初3000m級登山、雲の合間から諦めていた絶景が
- GPS
- 12:58
- 距離
- 15.1km
- 登り
- 2,212m
- 下り
- 2,050m
コースタイム
- 山行
- 6:16
- 休憩
- 1:47
- 合計
- 8:03
- 山行
- 4:06
- 休憩
- 0:22
- 合計
- 4:28
5時20分頃到着したところ、タクシーはすべて出発済みでバスは乗れそうな最後の何人かと確定。要するに甲府発広河原行きバスに、なんとか潜り込ませるのが現場バス乗車案内人の役目のようです。たまたま、第三駐車場に最後の一台で駐車できました。たまたま、バスも最後の一人だったようでラッキー。
バスは甲府から乗車した人で座席は満席。なんとか立って乗車できました。甲府から乗ってきた人でも乗車口脇でしゃがみ込みながら寝ている人がいるくらい混んでました。バスは約30人位載で2台で運行してました。バス道中ではバスの方が道のこと、南アルプスのことなど観光案内をしてくれるので、雲に隠れた山しか見ることができなかった車内で、なんとか地元のことを知ることができたのがよかったかも。
広河原バス停に着くとすでにバス券発売所に長蛇の列が。今乗ってきたバスの人びともどんどん並びます。帰りのバスの予約可と焦りましたが、北沢峠行きバス乗車券販売とか。芦安からバスで来た人の半数以上が北沢峠に行くようです。
吊り橋を渡り北岳方面に行く人は30人はいなかったのではないでしょうか。登りはじめこそ、8人くらいの列になっていましたが、皆さん体力差があるので1人、3人とグループ単位で散らばるようになり、ピークが近づくにつれ静かな登山を楽しめるようになりました。
左俣コースは昨日までの雨のおかげか、渓流が流れる沢周辺など白、黄色、紫などきれいな花が咲き乱れ花畑を登っているみたい。汚れがありわかりにくい雪景が現れるなど嬉しいコース。途中できれいで冷たい沢水で手顔頭などを洗え、気分のリフレッシュできるのが嬉しい。
勘違いで八本歯ノコルからしばらく登らないと、トラバース道に出られません。勘違いのため尾根登りが精神的にチョットきつくなりました。トラバース道はそれほど高低差がなく斜面を横に進みます。岩場も丸太などで足場や手すりがしっかり作られているので、安心。さらに、黄色、白、紫など高山植物が花盛りで、とても楽しめました。

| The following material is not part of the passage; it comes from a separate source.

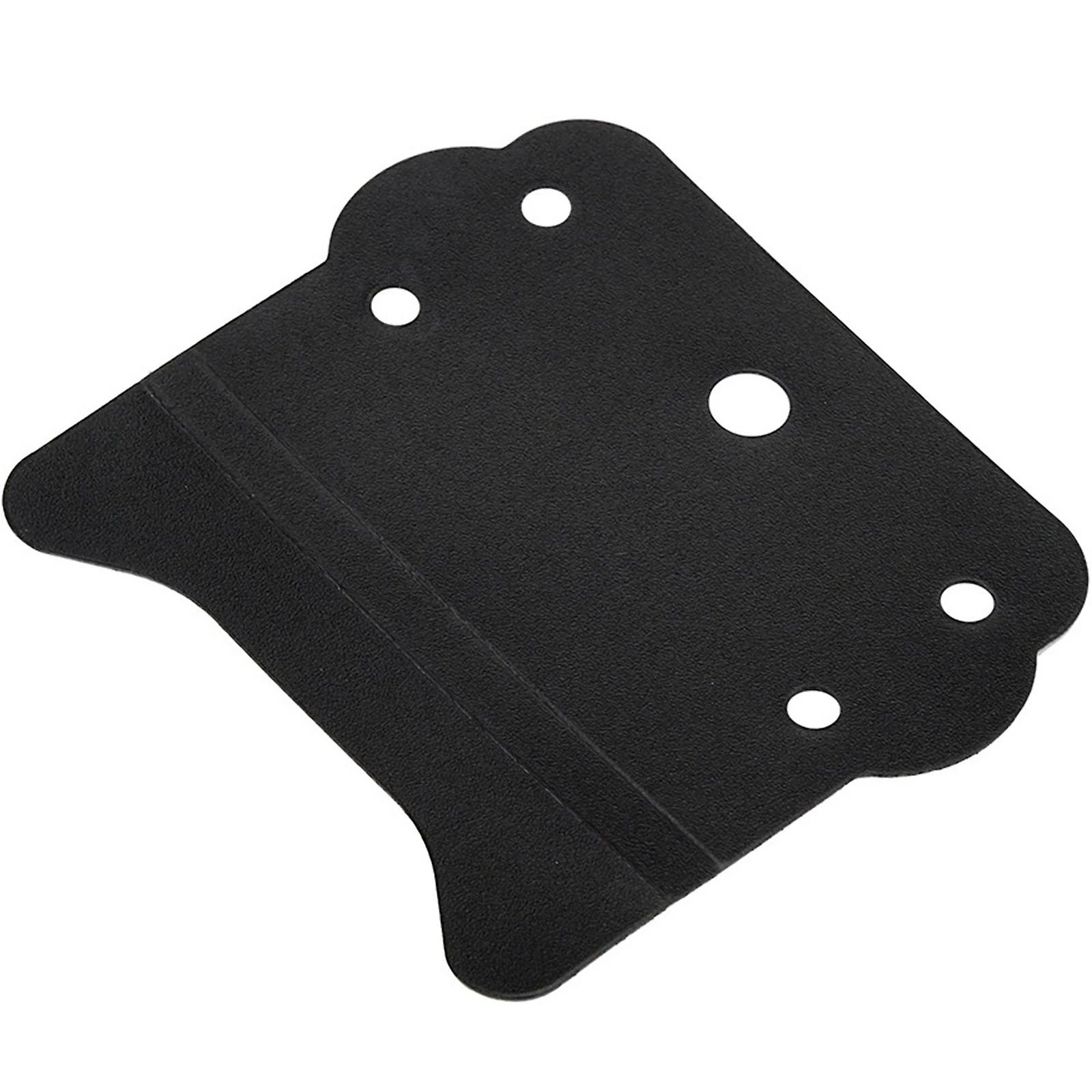 Unbranded Mountain Bike Mudguard Bicycle Pour Fender Mudguard Bicycle Front & Rear Pour Fend – Image 4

途中で尾根からの景色が見たくなったので、横に100m弱移動すれば景色が良さそうな尾根道に出られるような分岐があったので同じ所に行く尾根道に変更。ガスガスだったので、まったく景色は楽しめません。
午前中に小屋に到着したので、まだテントを撤収している人がいるにもかかわらす、好きな場所にテントを設営できたのがとても嬉しい。同じような時間に到着したらしいお隣さんに、テント設置についてアドバイスをもらいながら設営。適当な大きさの石が多く、吊り綱張に困らないし、ペグも土によく入り楽でした。
テント設営が終わってもまだ昼前。北岳往復しても3時間位のようなので、北岳を訪れることに。小屋裏の尾根道を北岳方面に道をゆく。雲に覆われすぐ先の尾根しか見えない雲の中を進む。ピークが見えるたびにそこまでと、何回か思いながら歩くので時間の割に辛い。
ただのピークの割には人が溢れているところが見え、山頂だとしれた。北岳山頂に立て札があるが、すぐ横の岩はもっと高い。地図を見ると標高が並んで二つ書かれていて、立て札がある方が50cm位低いよう。なんで、高い方に山頂の碑立て札を立てなかったのだろう謎だ。
初めての3000m越え山頂到着記念のため、ガスで真っ白な背景に北岳の看板入りで写真を撮っていただきました。その後、急に雲が晴れ山頂一帯に陽が照りつける。もう一度、先ほどの方とは違う方に山頂記念写真を撮っていただきました。座ったり、話した30人くらいの人びとが、あまり期待できない雲の急展開で隣の山々が見えるのを期待して、現場で時間を潰されてます。私も10分位一緒に雲の切れ目を期待していましたが、あっさり諦めそそくさと北岳山荘まで下山。
周りの景色が見えなくても、生まれて初めて3000mを越えるところに来て、歩いているだけで妙にうれしい。
山小屋の自動販売機でビールを買うと同時に、サッと雨が降ってきました。テントに潜り込みビールに口をつける。真っ白な景色をみながら眼下に見えるはずの景色を想像しながら飲むビールは美味しい。
4時でチョット早いが、夕食。標高3000mでも、プリムスのノーマルガスで問題なく火を使うことができることが確認できました。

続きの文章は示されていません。